> _WORK INSTRUCTION_: What you write must match, character for character, the lines from the one with "Glass chopping board Feathers in watercolor" down to the one with "Startup Indian DIPP" in the listing below, minus its pictures.

> _STUDY MATERIAL_:
= Beginning of Section =
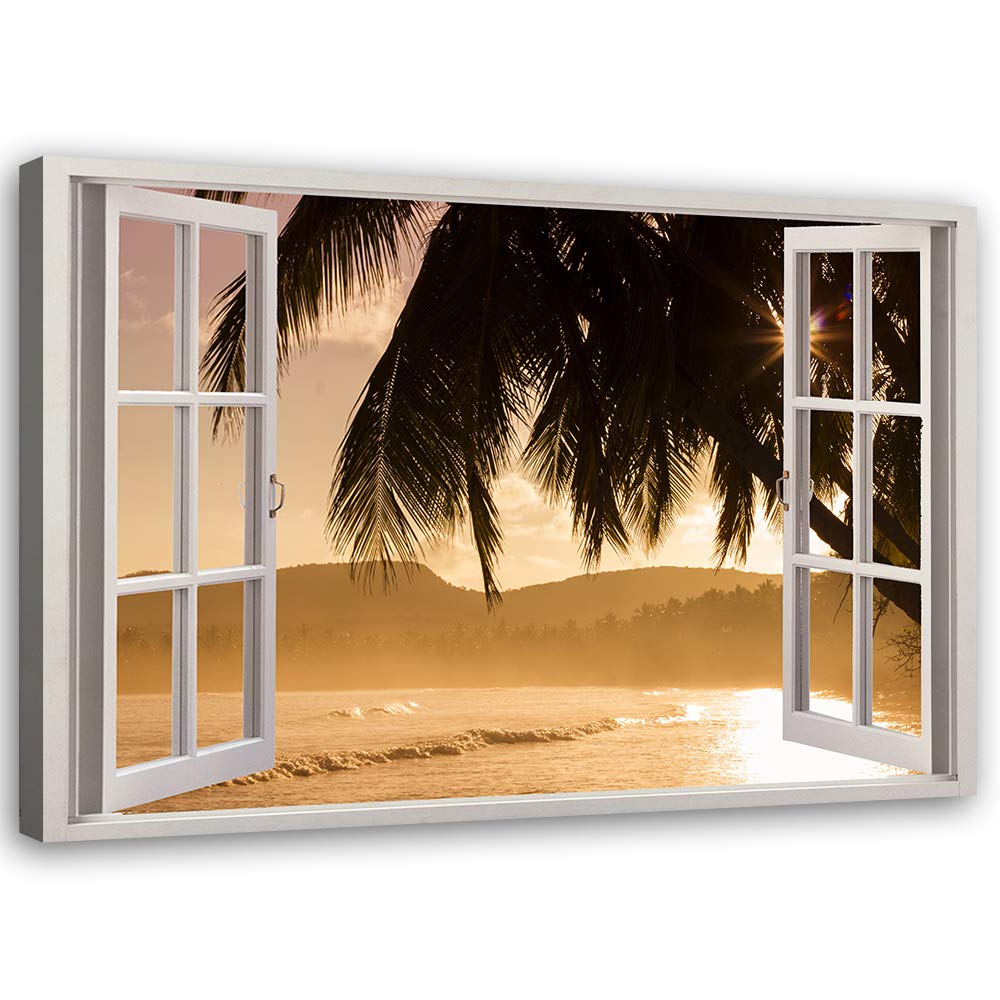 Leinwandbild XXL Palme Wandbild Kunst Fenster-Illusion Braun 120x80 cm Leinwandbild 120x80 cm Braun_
= End of Section =
= Beginning of Section =
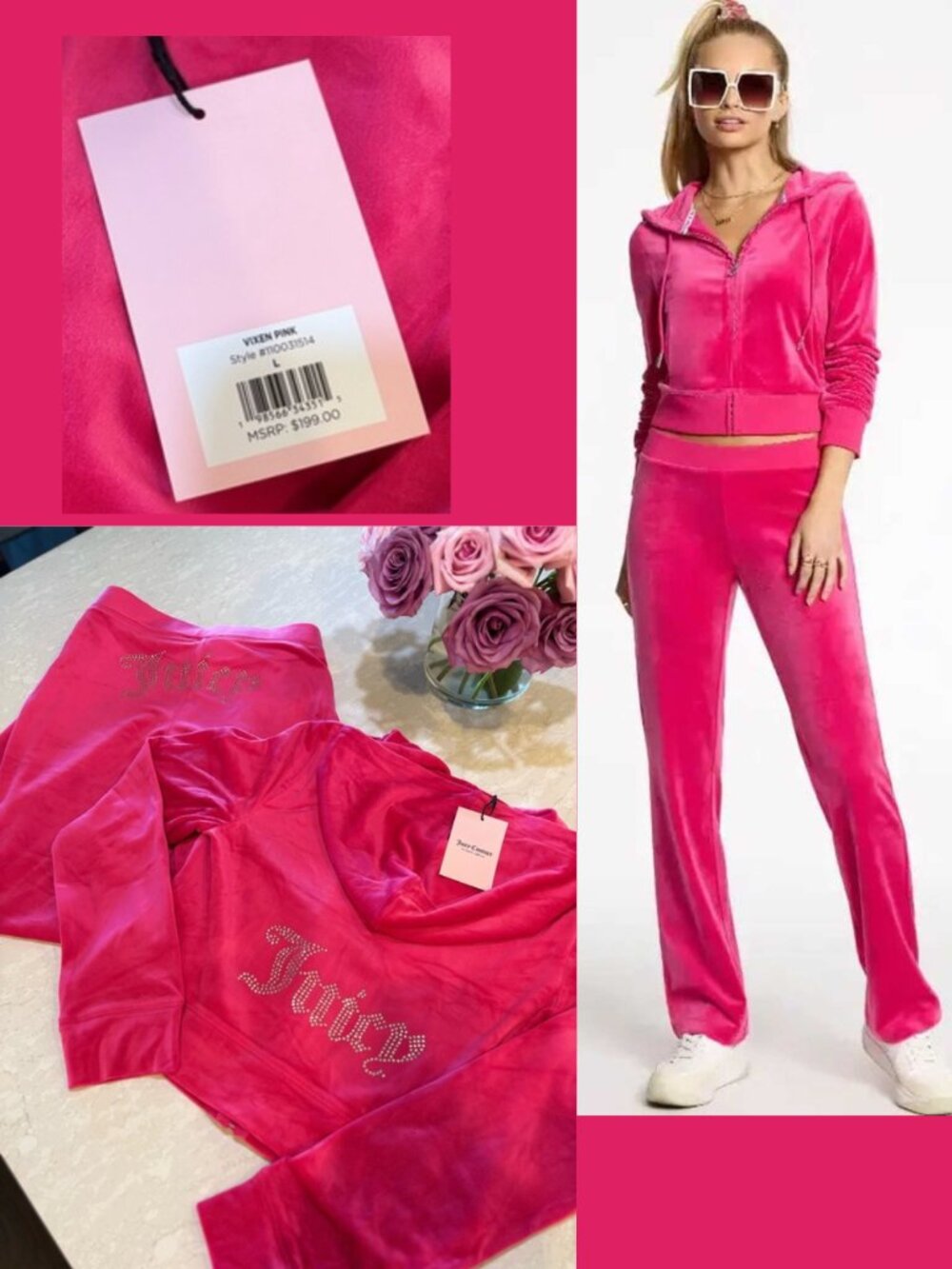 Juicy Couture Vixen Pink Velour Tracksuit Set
= End of Section =
= Beginning of Section =
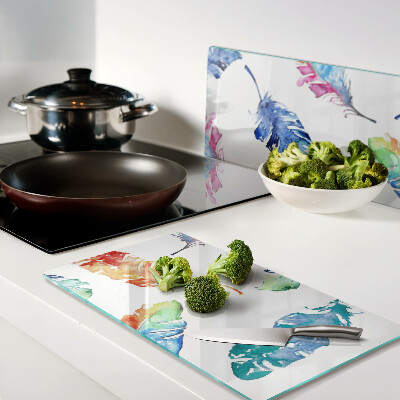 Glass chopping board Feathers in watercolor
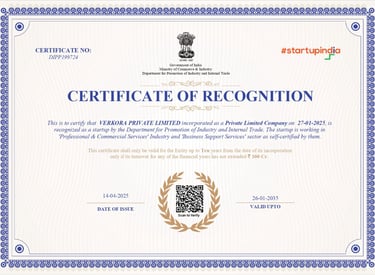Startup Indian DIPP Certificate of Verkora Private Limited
= End of Section =
> _ANSWER BELOW_:
 Glass chopping board Feathers in watercolor
Startup Indian DIPP Certificate of Verkora Private Limited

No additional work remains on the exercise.